Of the 40+ statistical-software manuscripts we reviewed for JSS-class venues, these four account for the large majority of avoidable rejections, and editors here routinely reject on them before novelty even enters the conversation. In practice, what actually happens at the desk is a reviewer cloning your repository and running your replication script, so we see the same code-readiness gaps surface again and again.
The re-implementation with no stated advantage. Across our Journal of Statistical Software pre-submission reviews, the single most common reviewer trigger is a package that duplicates what an established package already does, with an introduction that never argues why the new implementation is better. JSS asks authors to compare the new contribution against existing implementations directly, and reviewers judge usefulness, not just correctness.
The fix is a concrete comparison: name the existing packages, and show in your abstract and introduction what your software does faster, more generally, or more correctly. This is testable, open your manuscript and check whether a reviewer can find, in the first two pages, the sentence that says why your package should exist alongside the incumbents.
The narrow package framed as a general contribution. A second recurring pattern in the Journal of Statistical Software manuscripts we review is a package that solves one specific problem, presented as though it were a general toolkit. JSS prefers substantial packages that serve a discipline area or implement a family of approaches. When the software covers a single function with a thin wrapper, reviewers flag the mismatch between the framing and the artifact.
The fix is either to broaden the package, add the related methods, the diagnostics, the alternative estimators, or to honestly reframe the contribution and move to a venue like JOSS that accepts focused tools.
The thin test suite and incomplete documentation. We see manuscripts where the science is sound but the software is not review-ready: no unit tests covering core functionality, missing function-level help files, or a vignette that does not match what the package actually does. JSS expects formatted help files, a package installable from a standard repository such as CRAN, Bioconductor, or PyPI rather than only GitHub, and code that is readable and commented.

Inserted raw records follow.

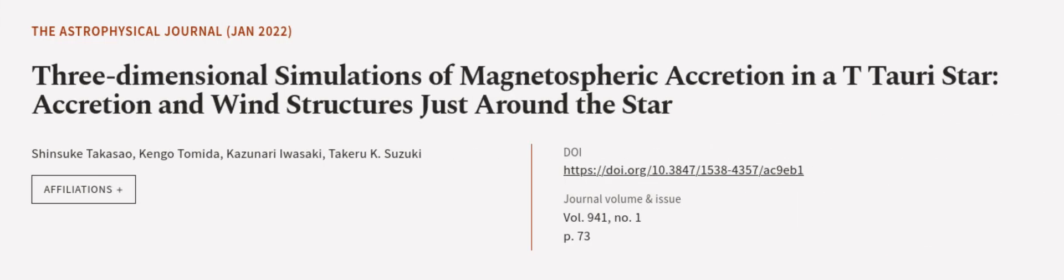This article was authored by Shinsuke Takasao, Kengo Tomaida, Kozunori Iwasaki, and others. We are article.tv, links in the description below.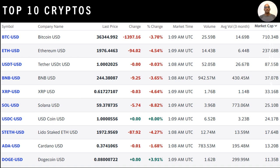Looking at the top 10 cryptocurrencies by market capitalization: Bitcoin is priced at $36,344, with a volume of 25.59 billion, giving a market cap of $710.34 billion, making it number one. It is followed by Ethereum, Tether, and others. I note that a few months back Bitcoin came down to around $20,000–$23,000; now it is back to $36,000.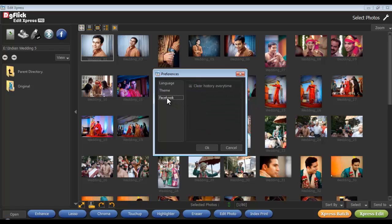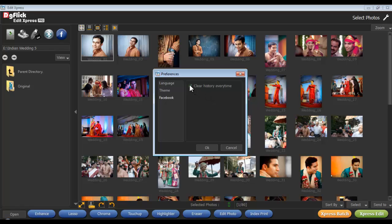The History which is generated at the time of importing photos from Facebook can be deleted by clicking on the Clear History Every Time checkbox from the Facebook option. Or if you want to work offline and still want access to the photos from Facebook in future which are already accessed, then keep the Clear History Every Time checkbox unchecked.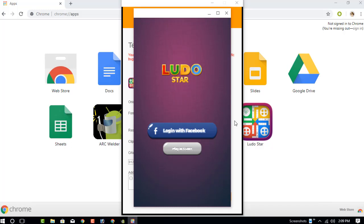I hope you understand how to play any Android application without an emulator on your computer. Thanks for watching my video and please subscribe to my channel for the next video.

Reviewers verify the software works as the paper claims, so a missing test suite or a help file that disagrees with the code is a direct reject signal. Check that every exported function has documentation, that your tests exercise the core methods, and that the package installs cleanly from a clean environment.
The replication script that does not exactly reproduce the paper. The fourth pattern is a submission whose results cannot be reproduced exactly from the supplied materials. JSS requires replication materials for all results, preferably a single commented standalone script, and reviewers only recommend conditional acceptance after reproducibility problems are completely resolved. When a figure or a reported number differs when the reviewer runs the script, the manuscript is returned.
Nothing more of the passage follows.